Note: My examples assumes that your data can only be retrieved from a database but, depending on the system, you might be able to collect data via web services, REST services etc.
3. Find with predicateHere's the more ambitious cousin of option 2, this time we make the same "SELECT TOP 1..." query, but we add some WHERE statements, since what exact entity we want is important. In the simplest scenario we might just want to make sure that the entity we use has not been "soft-deleted". Another example (sticking to the country-scenario) would be that we want a country that has defined states. Again, only query agains columns that you use. When these predicates become very advanced and start to grow hair, consider this
- Will the predicate always produce a match, is the data stable enough? In all environments?
- Should you consider creating a matching entity instead, using option 4?
4. Create your ownThis is the hardcore solution. If you want it done right, do it yourself! Our selects now become inserts and we create that entity that we need. This requires the deepest level of model knowledge since you need to know every column and table relation in order to make a valid insert.
So, if this is so great - why not use it everywhere and take the power back!? Well, there are a couple of reasons why such an approach has problems.
- Vulnerable tests
When you stick a large number of INSERT statements in your test setup, you are depending heavily on a stable database schema. Any new column (Non-NULL), renamed column or removed column will shred your test to pieces. And probably it will not fail in a pretty way, but in a time-consuming way that ultimately will make people question your ambitious effort.
- Non-portable tests
I am targeting system-level integration tests, that use the entire system - or at least as much of it as possible. Inserting data will assume that no duplicate data already exists, which is no problem in your empty developer sandbox database. However, I am guessing that empty databases are not that common in your deployed environments... Therefore moving your test suite closer to the production environment will be impossible. There's just no way that those environments will be empty.

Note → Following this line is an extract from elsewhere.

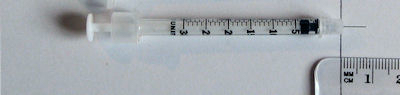 BD Ultrafine II insulin syringes, half-unit markings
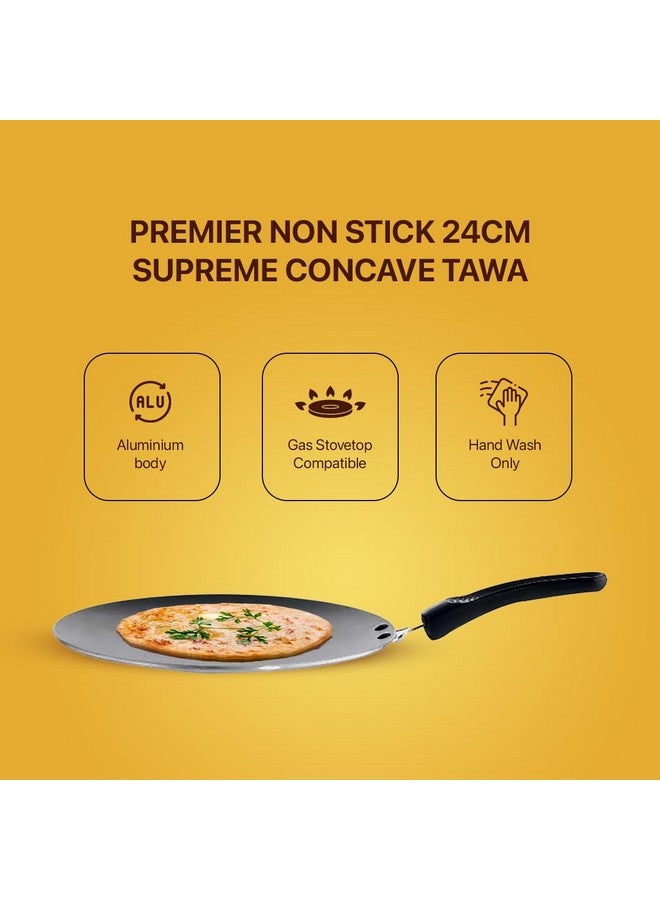 Premier Non Stick 24cm Supreme Concave Tawa - Perfect for Dosas, Pancakes, Durable, Non-Stick Surface for Healthier Meals, Lightweight, Durable, Heat Resistant, Dishwasher Safe Tawa - Image 2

Simply, this approach just takes too long. Figuring all the references out, understanding every piece of the database model even if many of them are irrelevant to what you are testing. Time can be spent more wisely.
Many inserts, large footprint. Cleaning it up is a large part of that data pain.
Selecting the right approach
|A model for categorizing test data and selecting data approach|
For some time I have advocated an approach where all data is created before the test and removed after, a strict "create your own" way. This is not only stupid but scares co-workers away from testing. Considering other options and seeing data from a focal/supportive and dynamic/stable perspective enables me to make new decisions for each situation and not try to fit every integration test into the same mold. It gives me the capability to put the effort where it is needed and put the slack where it is acceptable.
In the end, I just want higher quality tests and more of them. This might be one piece of the puzzle.